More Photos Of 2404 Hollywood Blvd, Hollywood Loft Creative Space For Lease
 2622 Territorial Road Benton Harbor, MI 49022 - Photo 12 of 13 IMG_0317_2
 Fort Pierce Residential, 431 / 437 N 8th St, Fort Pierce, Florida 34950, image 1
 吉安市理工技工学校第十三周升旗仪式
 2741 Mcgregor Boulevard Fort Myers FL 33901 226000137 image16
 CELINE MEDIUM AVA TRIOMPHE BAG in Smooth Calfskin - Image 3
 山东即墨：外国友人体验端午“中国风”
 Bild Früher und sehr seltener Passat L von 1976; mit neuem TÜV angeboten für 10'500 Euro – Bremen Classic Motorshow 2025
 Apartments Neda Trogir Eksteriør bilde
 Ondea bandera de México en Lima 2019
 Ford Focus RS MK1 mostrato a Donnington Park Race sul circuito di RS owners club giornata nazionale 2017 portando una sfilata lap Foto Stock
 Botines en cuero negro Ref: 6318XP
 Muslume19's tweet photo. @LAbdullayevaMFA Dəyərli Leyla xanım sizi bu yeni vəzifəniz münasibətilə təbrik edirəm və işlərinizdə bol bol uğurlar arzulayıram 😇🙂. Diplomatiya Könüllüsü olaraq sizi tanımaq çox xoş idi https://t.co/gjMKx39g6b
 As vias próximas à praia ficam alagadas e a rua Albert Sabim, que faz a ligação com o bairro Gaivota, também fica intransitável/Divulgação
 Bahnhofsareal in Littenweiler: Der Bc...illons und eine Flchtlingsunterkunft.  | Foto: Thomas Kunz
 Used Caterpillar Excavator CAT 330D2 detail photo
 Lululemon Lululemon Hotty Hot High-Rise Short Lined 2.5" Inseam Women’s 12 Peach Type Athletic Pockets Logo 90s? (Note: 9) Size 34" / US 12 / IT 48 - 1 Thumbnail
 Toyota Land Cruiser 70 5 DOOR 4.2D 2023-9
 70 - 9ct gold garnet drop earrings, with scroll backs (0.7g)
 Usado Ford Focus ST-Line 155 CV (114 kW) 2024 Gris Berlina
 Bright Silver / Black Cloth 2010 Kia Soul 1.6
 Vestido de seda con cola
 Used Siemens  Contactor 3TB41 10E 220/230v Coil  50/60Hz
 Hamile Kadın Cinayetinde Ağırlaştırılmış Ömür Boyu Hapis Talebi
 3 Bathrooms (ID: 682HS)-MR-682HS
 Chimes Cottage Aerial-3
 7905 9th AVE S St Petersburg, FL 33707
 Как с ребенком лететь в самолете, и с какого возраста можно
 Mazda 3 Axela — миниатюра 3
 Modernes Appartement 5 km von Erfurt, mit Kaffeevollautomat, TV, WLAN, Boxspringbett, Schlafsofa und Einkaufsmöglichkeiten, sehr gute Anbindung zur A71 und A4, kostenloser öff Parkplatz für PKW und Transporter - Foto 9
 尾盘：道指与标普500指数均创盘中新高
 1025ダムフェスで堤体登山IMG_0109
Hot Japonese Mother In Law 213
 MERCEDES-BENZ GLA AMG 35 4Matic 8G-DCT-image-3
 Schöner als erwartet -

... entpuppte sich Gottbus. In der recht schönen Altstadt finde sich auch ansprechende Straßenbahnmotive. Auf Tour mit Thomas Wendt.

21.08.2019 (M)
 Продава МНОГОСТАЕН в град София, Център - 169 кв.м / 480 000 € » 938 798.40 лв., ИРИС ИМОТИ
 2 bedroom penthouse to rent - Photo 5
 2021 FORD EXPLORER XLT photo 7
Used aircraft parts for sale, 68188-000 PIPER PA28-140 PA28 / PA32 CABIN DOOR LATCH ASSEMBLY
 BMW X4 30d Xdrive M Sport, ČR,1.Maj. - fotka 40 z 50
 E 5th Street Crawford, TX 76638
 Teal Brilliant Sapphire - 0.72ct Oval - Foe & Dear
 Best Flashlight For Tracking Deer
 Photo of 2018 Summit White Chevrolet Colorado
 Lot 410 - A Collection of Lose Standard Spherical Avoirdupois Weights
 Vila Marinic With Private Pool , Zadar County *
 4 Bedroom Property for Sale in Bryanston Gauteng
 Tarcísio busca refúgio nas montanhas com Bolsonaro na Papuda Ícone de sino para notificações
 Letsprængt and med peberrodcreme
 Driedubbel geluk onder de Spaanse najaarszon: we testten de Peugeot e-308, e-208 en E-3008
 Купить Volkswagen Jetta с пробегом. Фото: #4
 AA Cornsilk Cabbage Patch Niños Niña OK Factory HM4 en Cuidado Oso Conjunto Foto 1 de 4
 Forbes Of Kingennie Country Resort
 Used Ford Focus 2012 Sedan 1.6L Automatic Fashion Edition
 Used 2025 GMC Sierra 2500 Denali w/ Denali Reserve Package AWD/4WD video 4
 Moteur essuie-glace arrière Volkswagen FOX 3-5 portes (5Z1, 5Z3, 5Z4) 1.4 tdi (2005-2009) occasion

---

ACTIVITY> The lines to copy are those in the records above containing the word "Thomas".

RESPONSE TO THIS EXERCISE>
 Bahnhofsareal in Littenweiler: Der Bc...illons und eine Flchtlingsunterkunft.  | Foto: Thomas Kunz
... entpuppte sich Gottbus. In der recht schönen Altstadt finde sich auch ansprechende Straßenbahnmotive. Auf Tour mit Thomas Wendt.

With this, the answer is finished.